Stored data
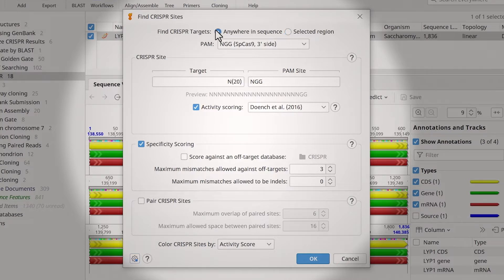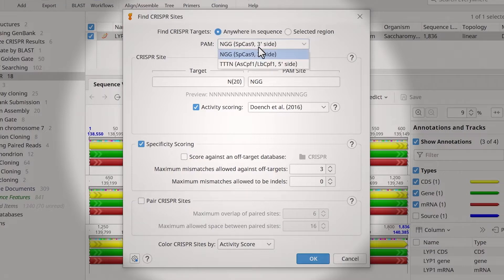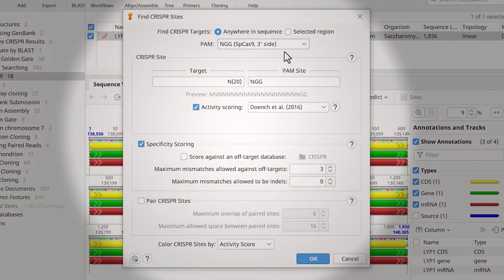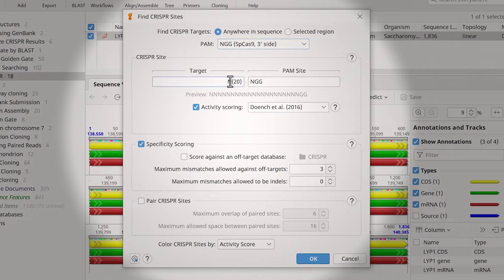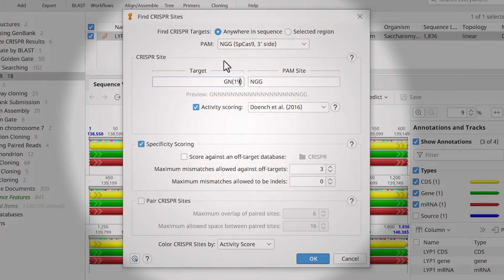In the PAM drop-down menu, specify the 3 Prime End Cas9 option. Next, use the target and PAM site fields to input the motif you want your CRISPR sites to match. For this example, I will search for a target of GN19 and a PAM site of NGG.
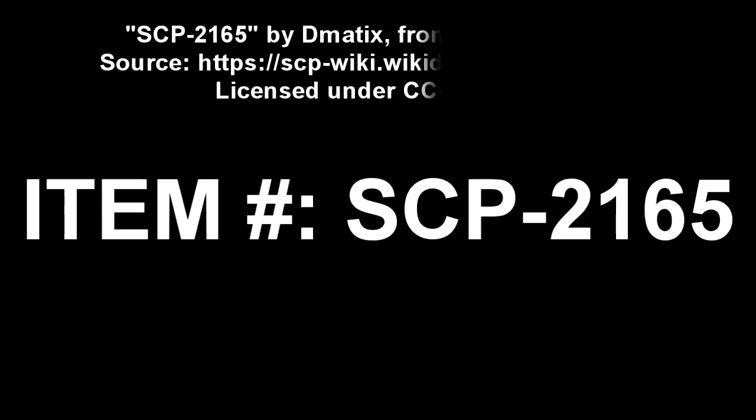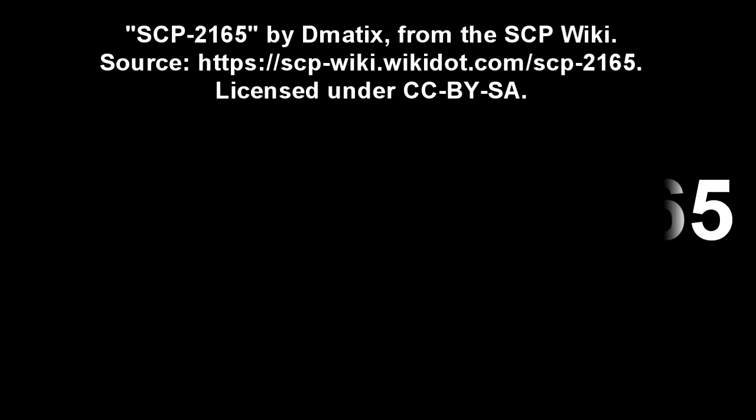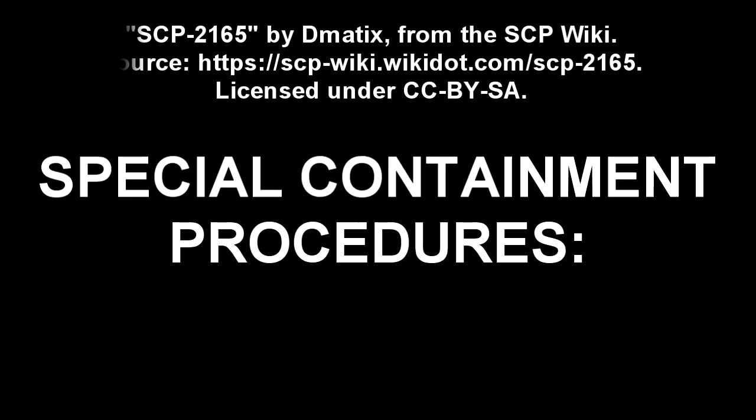SCP-2165. Item Number: SCP-2165. Object Class: None. Special Containment Procedures.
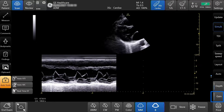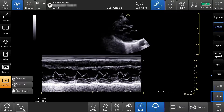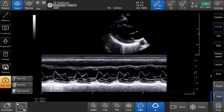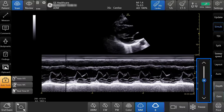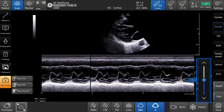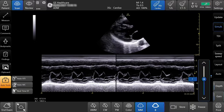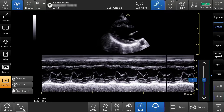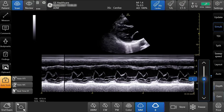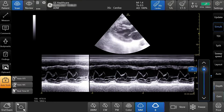Use the gain button to increase or decrease the M mode brightness by pressing the arrows up or down, or by moving the slide bar.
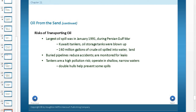Tankers are a high pollution risk. They can run aground, collide with each other, or have underground tank failures. Double-hull construction does prevent some spills, basically ensuring that if one hull breaks, oil falls into another containment layer. But there's always a risk when transporting crude oil. This completes Chapter 21, Section 3. Please complete the assessment at this time.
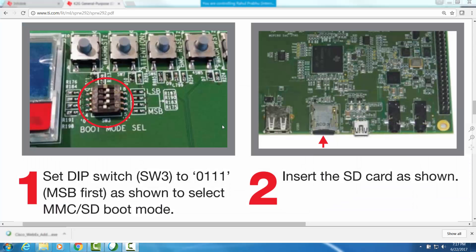Let us now set up the EVM hardware for SD boot. In order to set up the EVM, follow the step 1 and step 2 as provided in the quick start guide. Set up the DIP switch SW3 to SDMMC boot as shown and insert the SD card in the micro SD card slot as shown in figure 2.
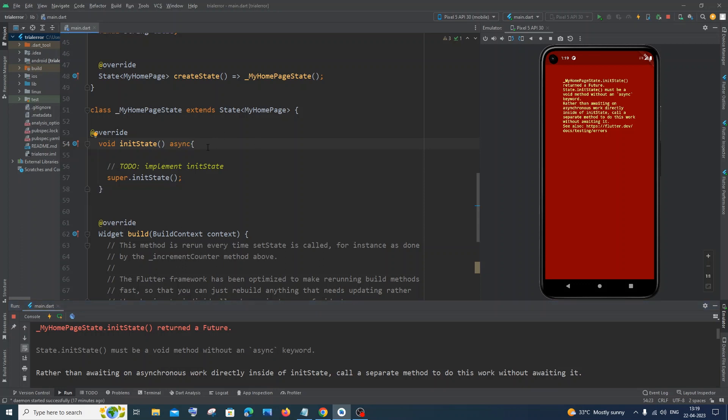The easiest way to solve this problem is by creating a separate async function and calling it inside our init state function. Just remove the async keyword now.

--- Problem ---
Reproduce the lines from the one holding "Let us now set" through the end of the entries above exactly, keeping both ends and dropping every picture.

--- Problem solution ---
Let us now set up the EVM hardware for SD boot. In order to set up the EVM, follow the step 1 and step 2 as provided in the quick start guide. Set up the DIP switch SW3 to SDMMC boot as shown and insert the SD card in the micro SD card slot as shown in figure 2.
The easiest way to solve this problem is by creating a separate async function and calling it inside our init state function. Just remove the async keyword now.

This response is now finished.